15. CUANDO JESUS RESUCITA
En la cruz, para todos vosotros, me dejó como Madre. No lo olvidéis nunca: Madre Dolorosa y Madre de la Vida. Desde entonces, con el curso de los siglos, he ido acompañando –y lo haré hasta que Dios quiera y me necesite- a todos los que buscáis y esperáis en Jesús.
No os esforcéis demasiado en indagar por los caminos de la muerte: El está en la vida aunque, os acompañe, en momentos de muerte. El ya lo hizo todo. Lo dio todo. Adentraros por los caminos de la vida. Mi Hijo no se quedó para siempre detrás de una fría losa. ¡Resucitó! ¡Sólo sé que resucitó! Que lo reconocí, como los de Emaús, al partir el pan. Que sus apariciones fueron refrescantes, consoladoras, pascuales.

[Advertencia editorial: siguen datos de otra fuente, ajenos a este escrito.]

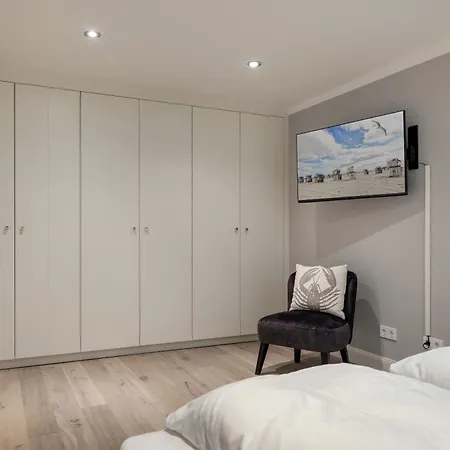 Holiday home Hues Wenningstedt-Braderup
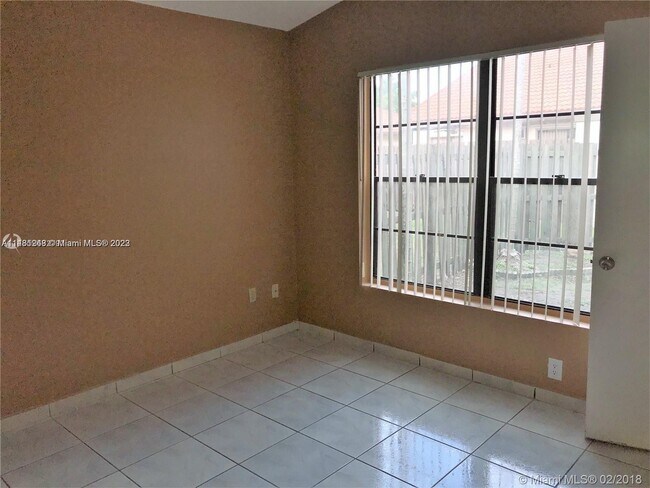 Building Photo - 15065 SW 49th Ln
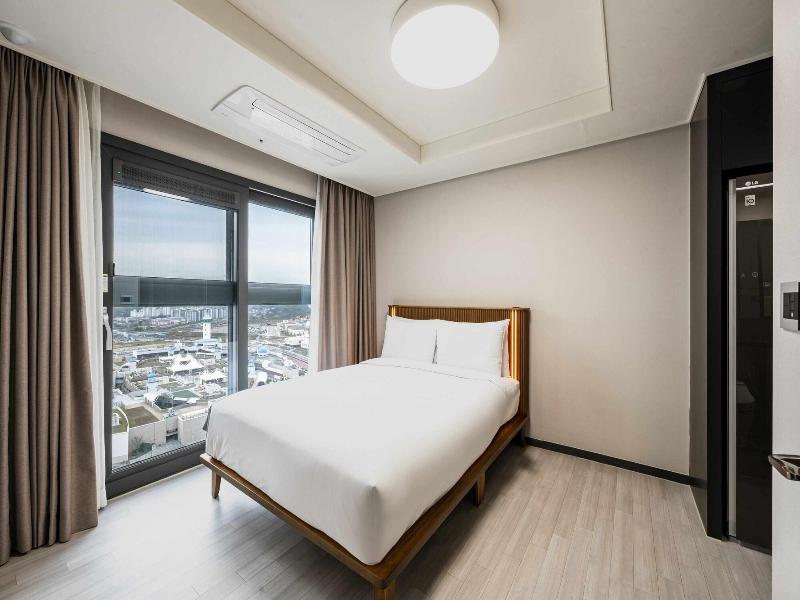 Odays Osiria Residence image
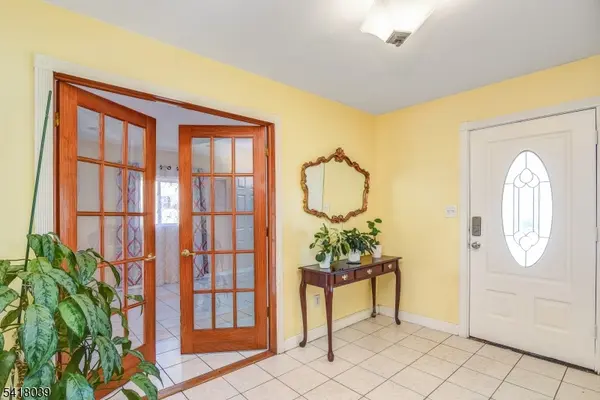 49 Ernston Rd, Sayreville Boro, NJ 08859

¡Sólo sé que su cuerpo glorificado me supo a gloria! Que, de nuevo, surgía la esperanza. Que, como flores de primavera, radiantes y eufóricos aparecían por todas las esquinas aquellos que –en la noche oscura- le abandonaron. No hubo reproches. No existieron recelos. Cada uno era como era y, Jesús, los conocía desde los pies hasta la cabeza. Tan sólo les pidió una cosa: que marcharan por el mundo anunciando aquella noticia.
Gracias, Hijo mío, en la cruz, por tu muerte y resurrección, adquiriste para Dios y para Ti un pueblo santo. Un pueblo que está llamado a la gloria. Amén.